(Dataset records):
-- Opening Marker --

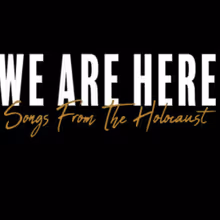 Vanderbilt University and WE ARE HERE: SONGS FROM THE HOLOCAUST Unveil Multi-Year Par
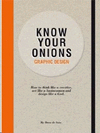 GRAPHIC DESIGN KNOW YOUR ONIONS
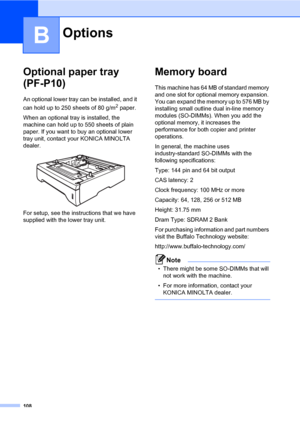 Page 117108
B
Optional paper tray 
(PF-P10)
B
An optional lower tray can be installed, and it 
can hold up to 250 sheets of 80 g/m
2 paper.
When an optional tray is installed, the 
machine can hold up to 550 sheets of plain 
paper. If you want to buy an optional lower 
tray unit, contact your KONICA MINOLTA 
dealer.
 
For setup, see the instructions that we have 
supplied with the lower tray unit.
Memory boardB
This machine has 64 MB of standard memory 
and one slot for optional memory expansion. 
You can expand...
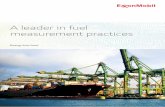 A leader in fuel measurement practices...next-generation marine fuel measurement In 2012 in Singapore, ExxonMobil was the first fuel supplier to introduce an MFMS accredited by a marine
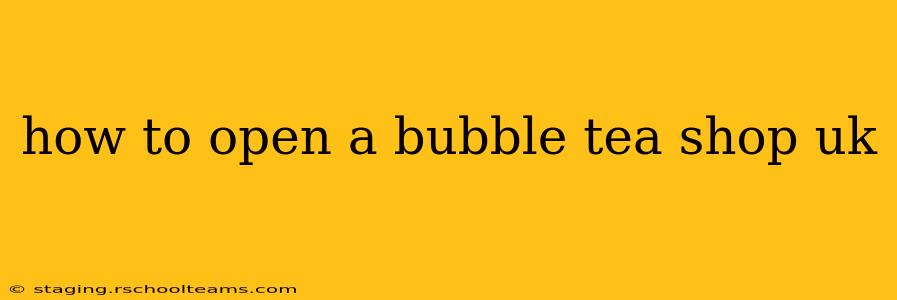 how to open a bubble tea shop uk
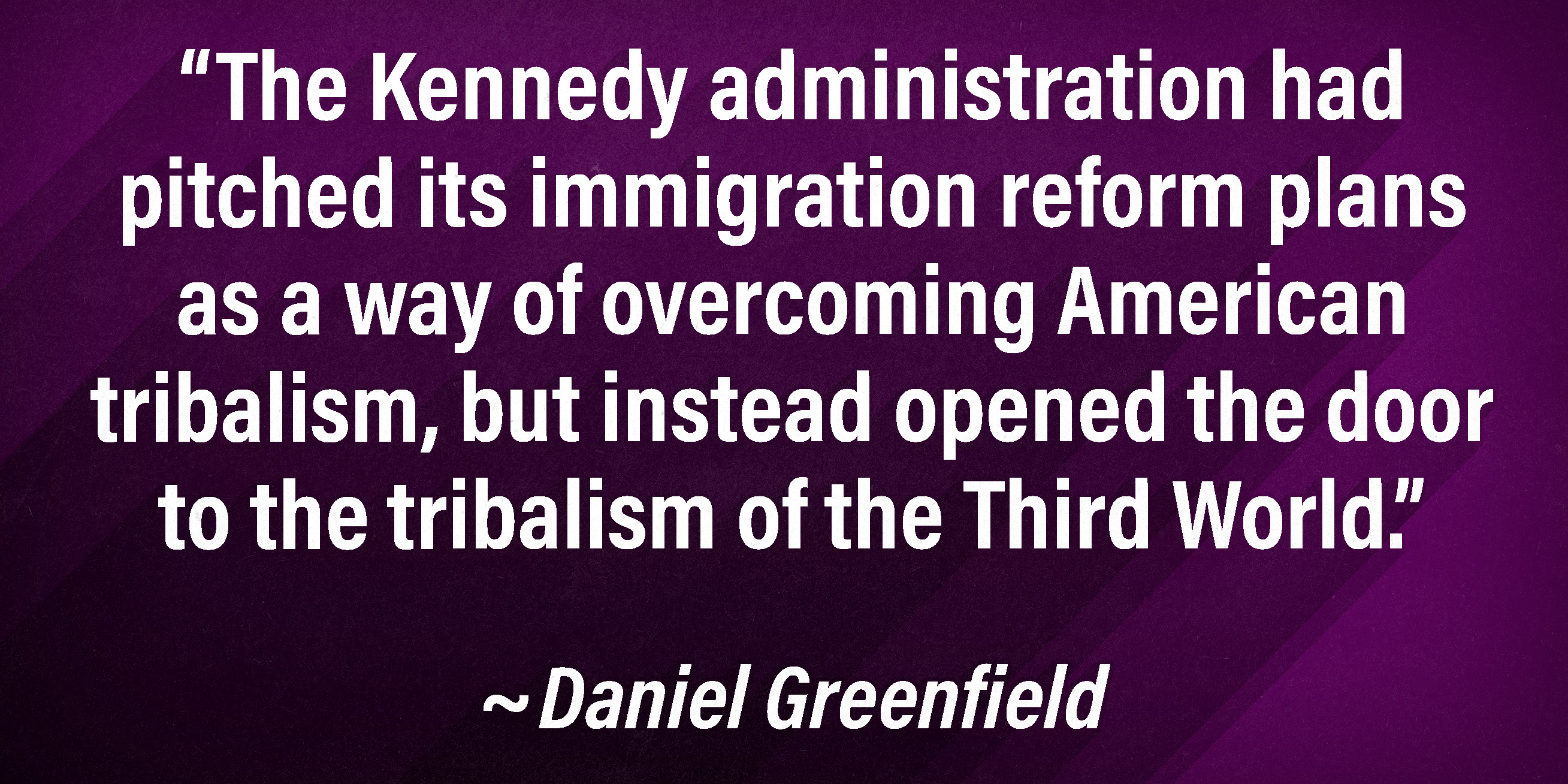 Political Editors: In Brief: The Kennedys Caused Today's Immigration Crisis - Vimarsana News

-- Closing Marker --

(Required work): Every line in the records that holds the word "tray" should be copied into the answer.

(Task solution):
Optional paper tray 
An optional lower tray can be installed, and it 
When an optional tray is installed, the 
tray unit, contact your KONICA MINOLTA 
supplied with the lower tray unit.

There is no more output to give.